= 2024 pro-Palestinian strike in Spain =

A one-day strike action took place in Spain on 27 September 2024, led by the CGT trade union federation and multiple other organizations.

==Demands==
The stated reasons for the strike included actions of Israel such as denying the right of return to Palestinians and continued occupation of Palestinian territories; and both inaction and complicity of Spanish institutions, including the national governments, past and present, such as lack of trade sanctions against Israel and allowing continued sales of weapons to Israel.

The communiqué referred to the recognition of Palestine by the Spanish government, but described it as merely a symbolic act meant to temporarily satisfy and "demobilize" supporters of Palestine and delay the "implementation of real measures". The communiqué calls on the Spanish government to cut all diplomatic, commercial and military relations with Israel.

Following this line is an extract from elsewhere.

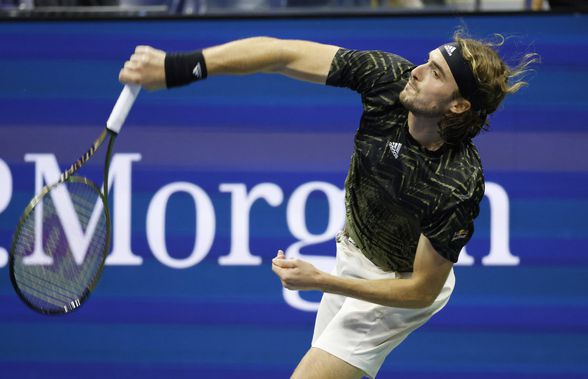 O campioană de Grand Slam, calificată în turul 3 la US Open, se ia de Tsitsipas: „Ați încercat vreodată să schimbați sutienul ud în 3 minute? Tu ce faci atât de mult?”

==Organizers and supporters==
The CGT (General Confederation of Labor) is a trade union federation in Spain that has around 100,000 members. Its views are anarcho-syndicalist.

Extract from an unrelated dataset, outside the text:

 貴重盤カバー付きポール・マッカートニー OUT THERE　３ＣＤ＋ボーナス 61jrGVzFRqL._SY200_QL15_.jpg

The CGT called for a general strike and was joined by multiple other organizations including the left-wing student union Sindicato de Estudiantes. Large trade unions UGT and CCOO (about 1 million members each) did not join the strike.

==Tactics==
Strike tactics included picketing and street marches.

The CGT estimated that around 20,000 people took part in "pickets and actions" during the morning of 27 September 2024.

Street marches took place in various localities across Spain during the afternoon. Those in Barcelona and Madrid were joined by 4500 and 6000 people, respectively, according to the authorities. The CGT claimed that the combined number of protesters in all the localities where protests took place was nearly 150,000.